===== Data extract

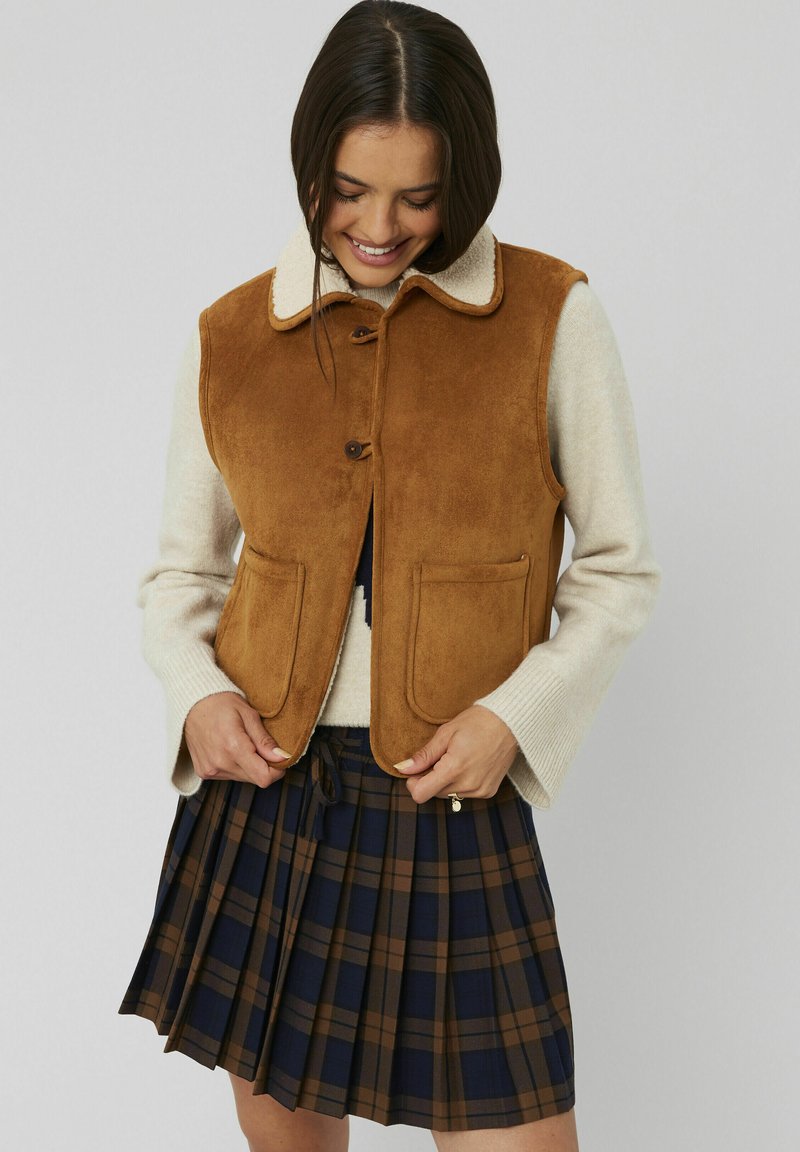 Veste en daim marron avec un col en fourrure crème, dotée de grandes poches plaquées. Portée sur un pull beige et une jupe plissée à carreaux bleu marine et marron.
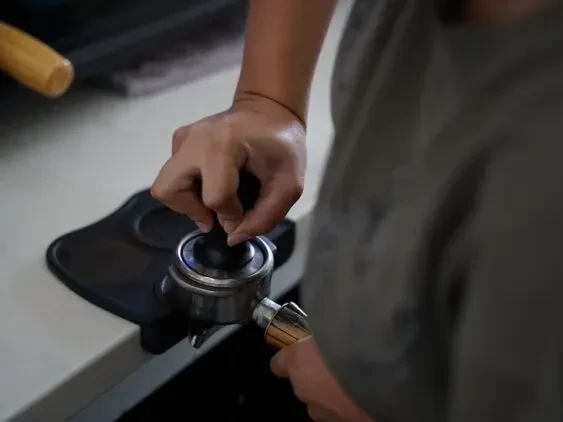 Hands pressing coffee grounds into a portafilter with a tamper.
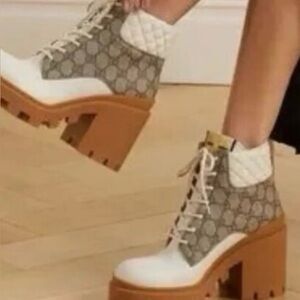 This is a pair of Gucci GG Supreme canvas and leather heeled ankle boots.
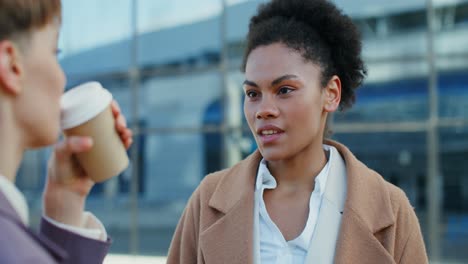 two women in conversation at an airport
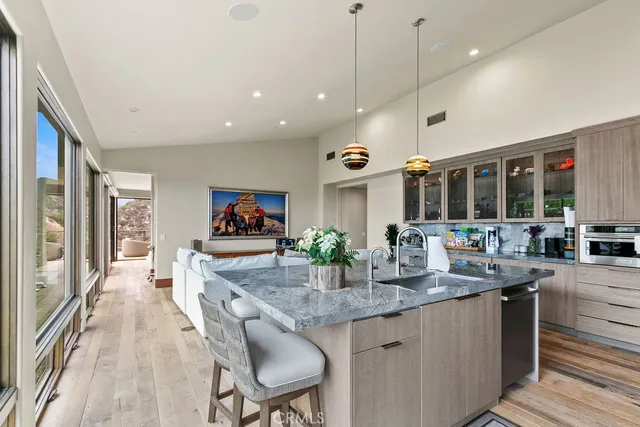 a view of a house with roof deck front of house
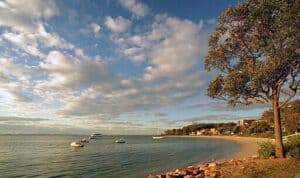 Port Stephens beach with boats in the water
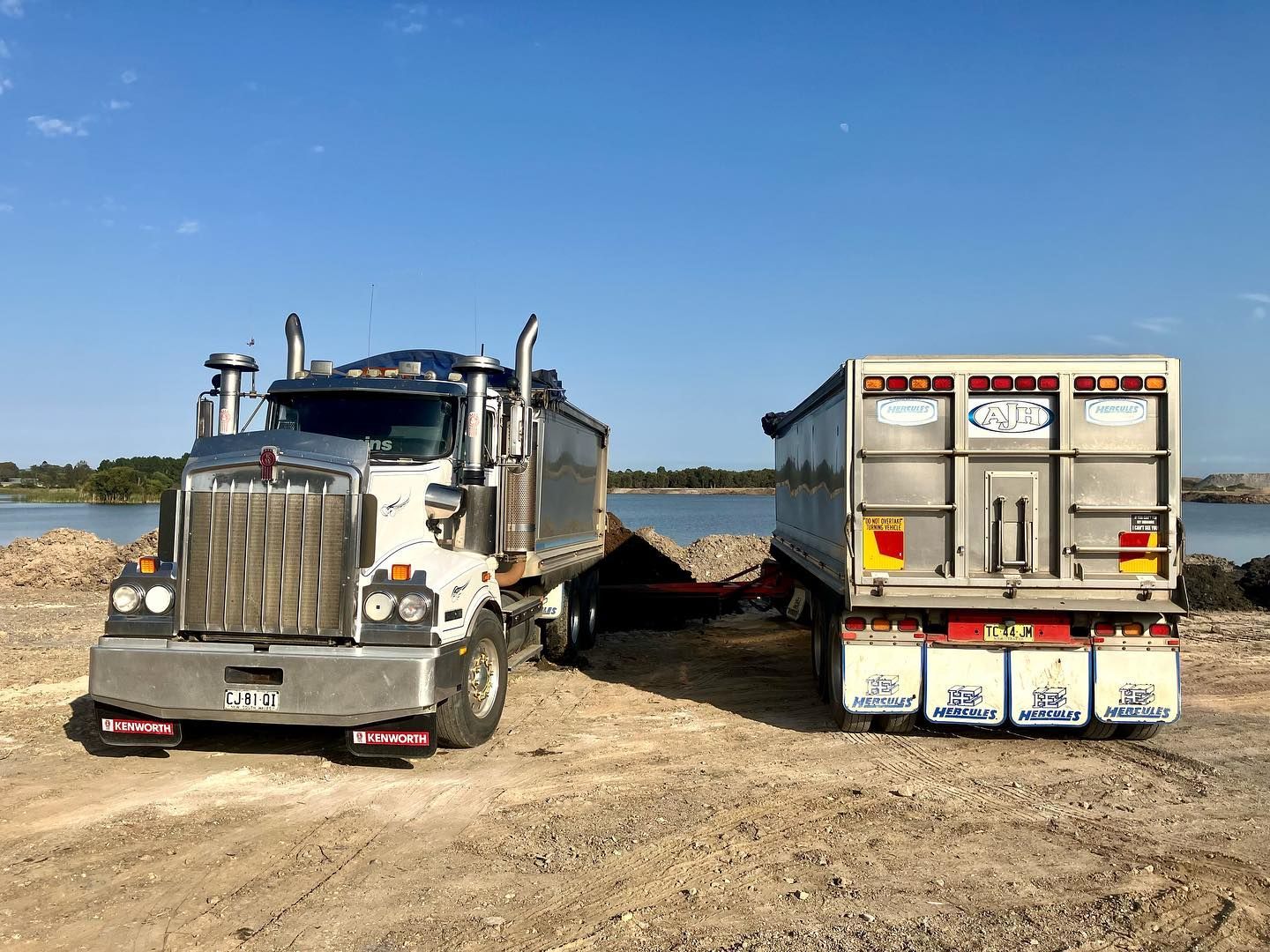 Two Dump Trucks Are Parked Next to Each Other in a Dirt Field — Andrew Johnston Haulage In Lismore, NSW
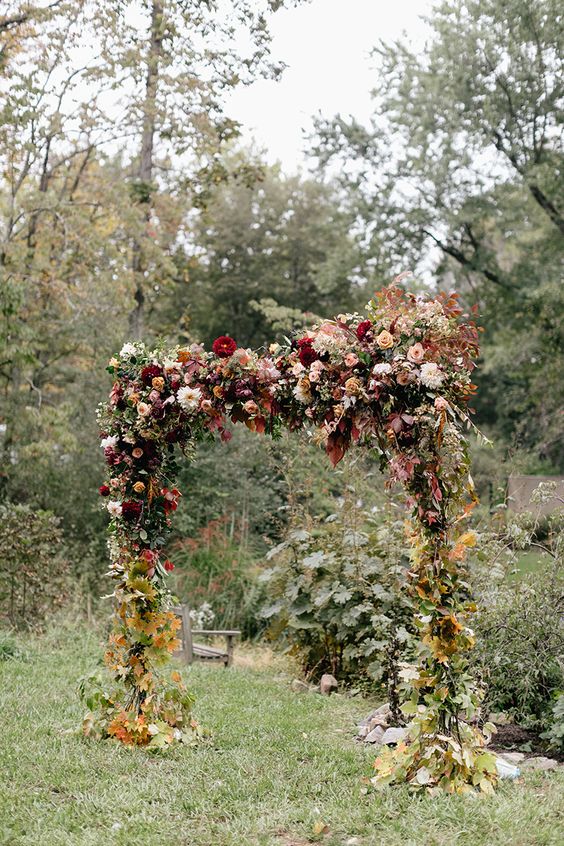a super lush floral wedding arch in burgundy and pink shades, with lots of fall leaves to embrace the season and with an ombre effect
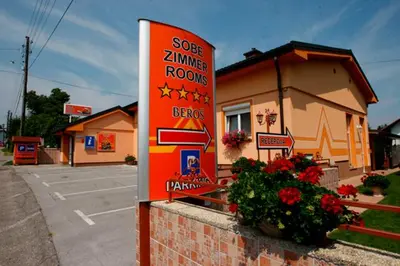 a sign for a store in front of a building at Rooms Beros in Maribor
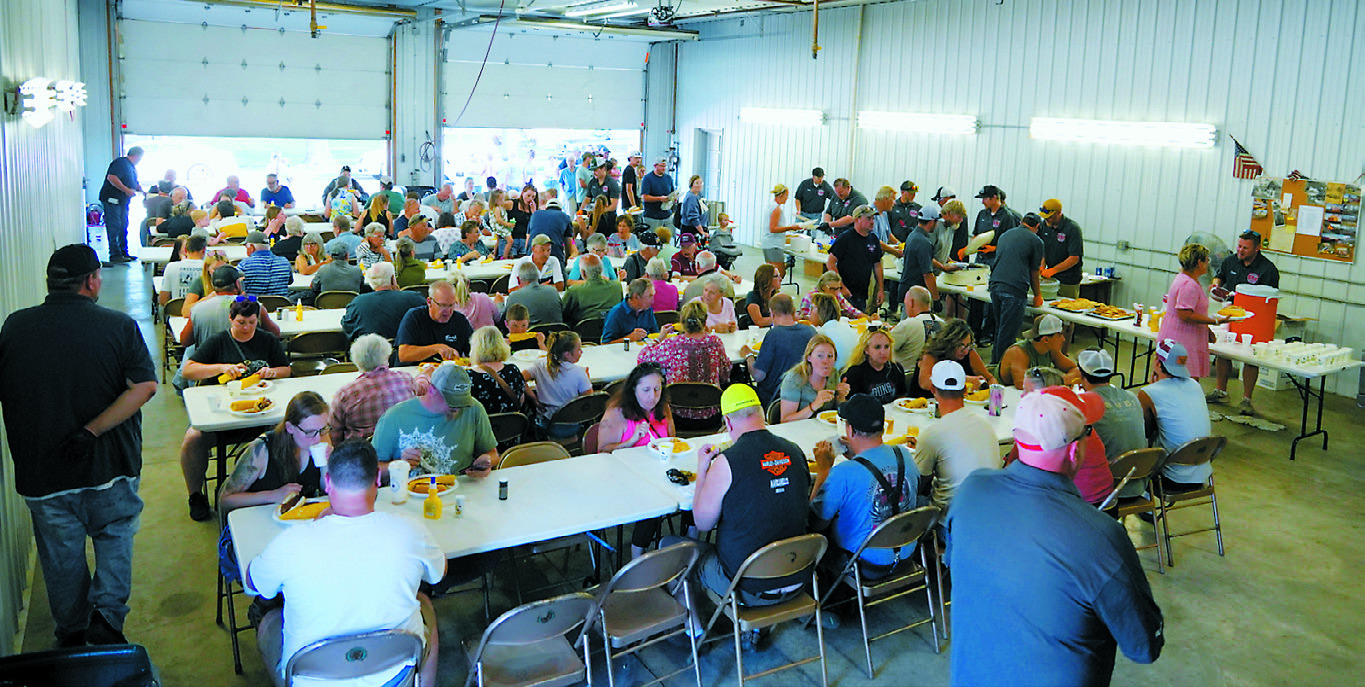 The fire hall was filled with attendees for the fundraiser hosted last week by the Walhalla Fire Department. Photo by Larry Stokke.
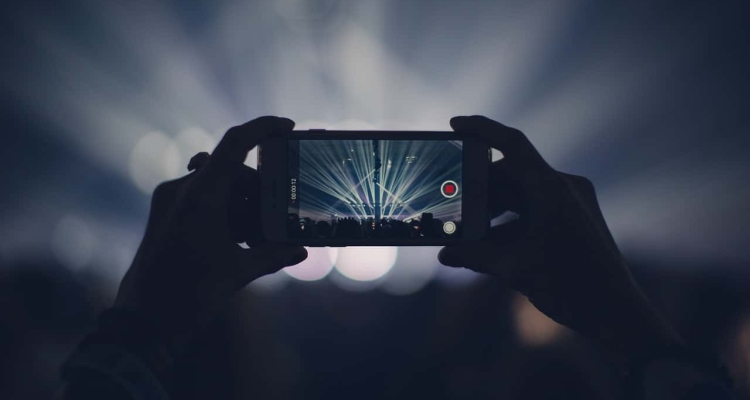 Image by Pexels from Pixabay https://pixabay.com/photos/iphone-concert-lights-stage-lights-1836071/ -- event video marketing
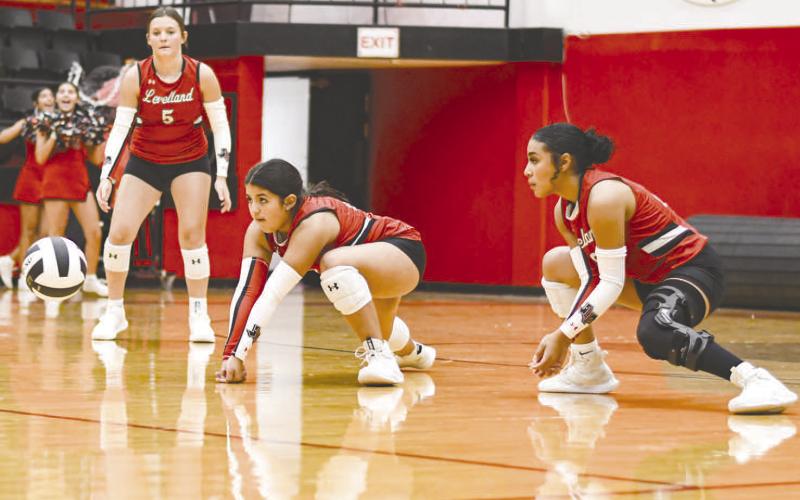 ON THE DIG – Freshman Karsyn Gaona makes the dig while teammates Tiffany File and Mia Sepulbeda stay ready to help during a volleyball game against Plains this past Tuesday at Levelland Highschool. (Staff photo by Jentezen Smith)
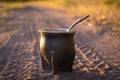 Yerba mate gourd cup on dusty road on sunlight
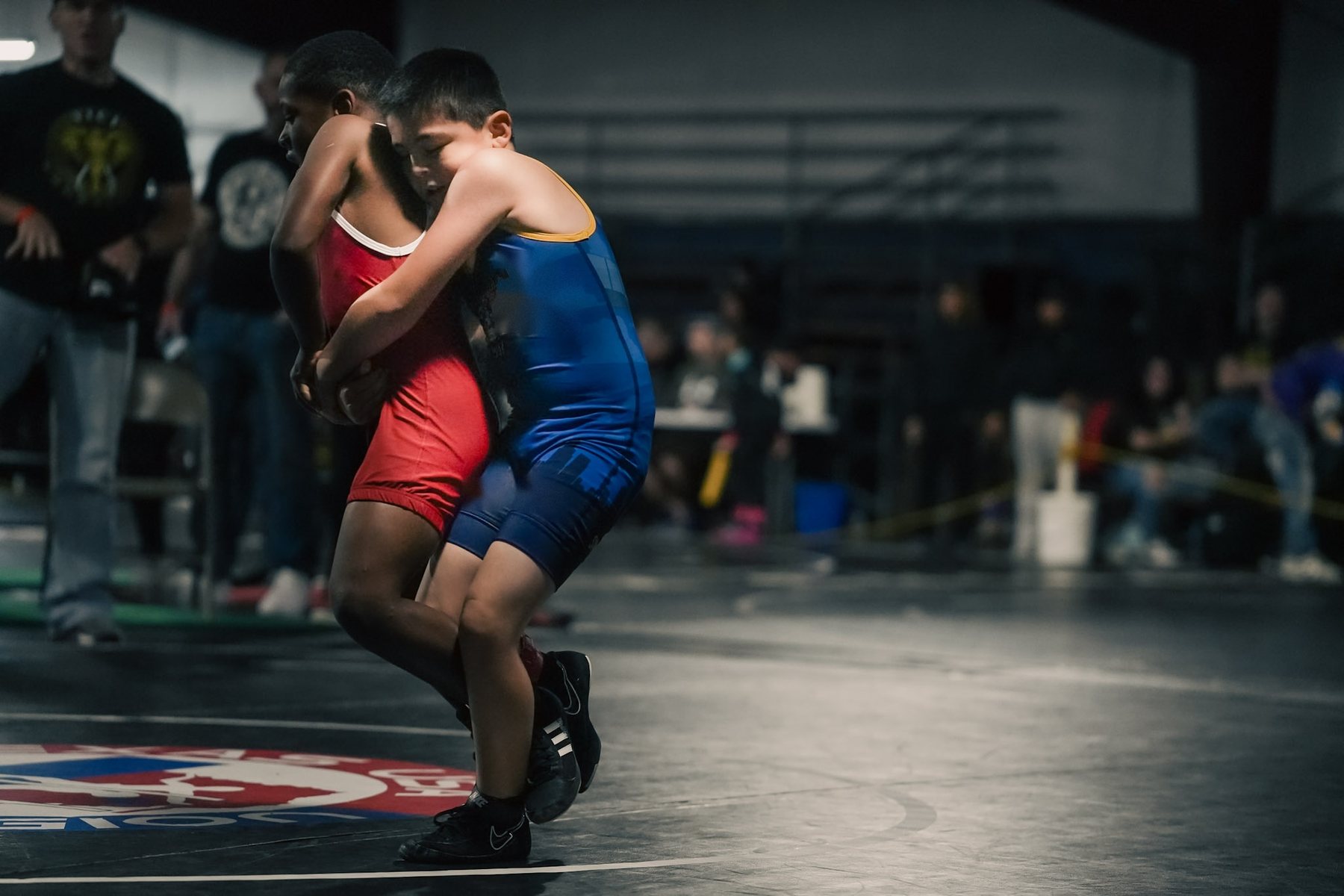 Two youth wrestlers locked up during a match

==========

- _Assigned task_
Write out the material above once more, exactly as it reads, with no pictures.

- _Answer to the problem_
 Veste en daim marron avec un col en fourrure crème, dotée de grandes poches plaquées. Portée sur un pull beige et une jupe plissée à carreaux bleu marine et marron.
 Hands pressing coffee grounds into a portafilter with a tamper.
 This is a pair of Gucci GG Supreme canvas and leather heeled ankle boots.
 two women in conversation at an airport
 a view of a house with roof deck front of house
 Port Stephens beach with boats in the water
 Two Dump Trucks Are Parked Next to Each Other in a Dirt Field — Andrew Johnston Haulage In Lismore, NSW
a super lush floral wedding arch in burgundy and pink shades, with lots of fall leaves to embrace the season and with an ombre effect
 a sign for a store in front of a building at Rooms Beros in Maribor
 The fire hall was filled with attendees for the fundraiser hosted last week by the Walhalla Fire Department. Photo by Larry Stokke.
 Image by Pexels from Pixabay https://pixabay.com/photos/iphone-concert-lights-stage-lights-1836071/ -- event video marketing
 ON THE DIG – Freshman Karsyn Gaona makes the dig while teammates Tiffany File and Mia Sepulbeda stay ready to help during a volleyball game against Plains this past Tuesday at Levelland Highschool. (Staff photo by Jentezen Smith)
 Yerba mate gourd cup on dusty road on sunlight
 Two youth wrestlers locked up during a match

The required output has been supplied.